> Problem: The lines to retype run from the one containing "Iron Grip 12" through the end of the listing below. Reproduce them exactly, leaving out pictures.

-- Recorded information follows --

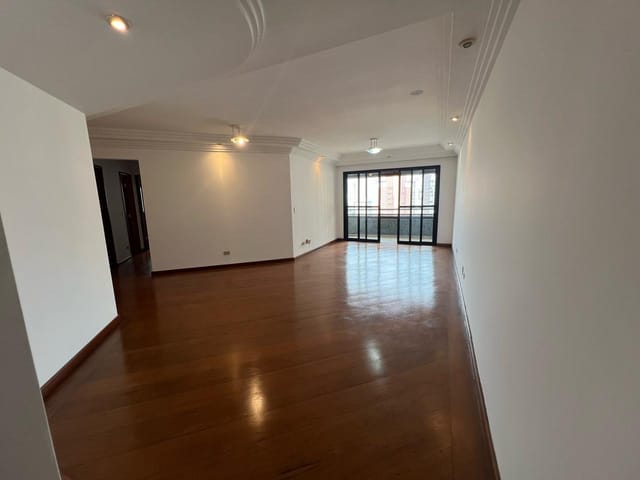 Foto do Apartamento - Amplo Apartamento com 3 Dormitórios à Venda na Chácara Inglesa | Paulista Imóveis.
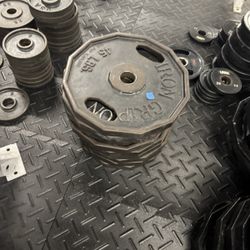 Iron Grip 12 Sided Metal Olympic Plates 450lbs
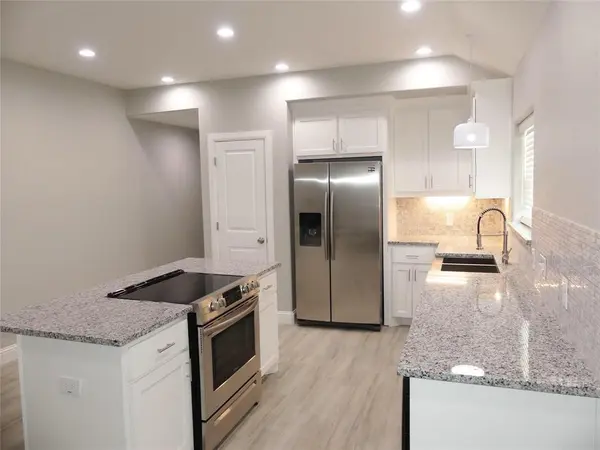 608 E College Street #608, Sherman, TX 75090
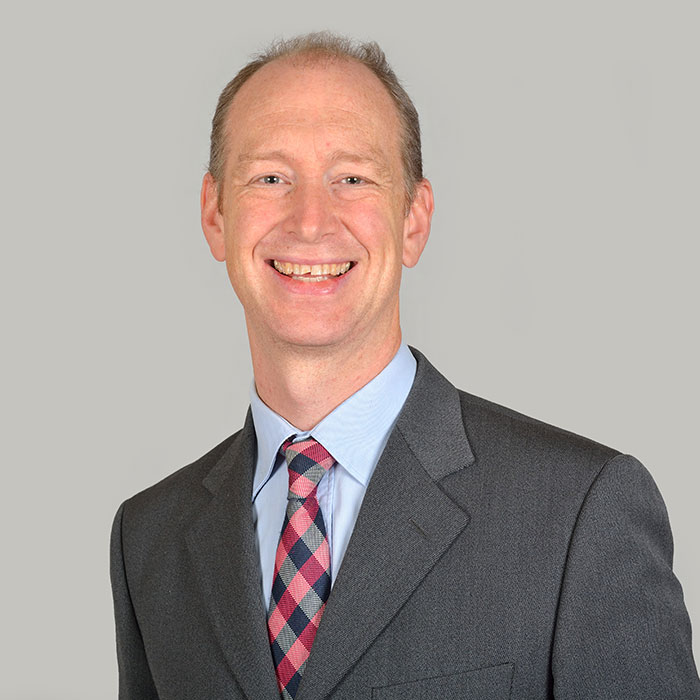 Image of Alex Bennett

-- Recorded information concluded --

> Answer to the problem:
 Iron Grip 12 Sided Metal Olympic Plates 450lbs
 608 E College Street #608, Sherman, TX 75090
 Image of Alex Bennett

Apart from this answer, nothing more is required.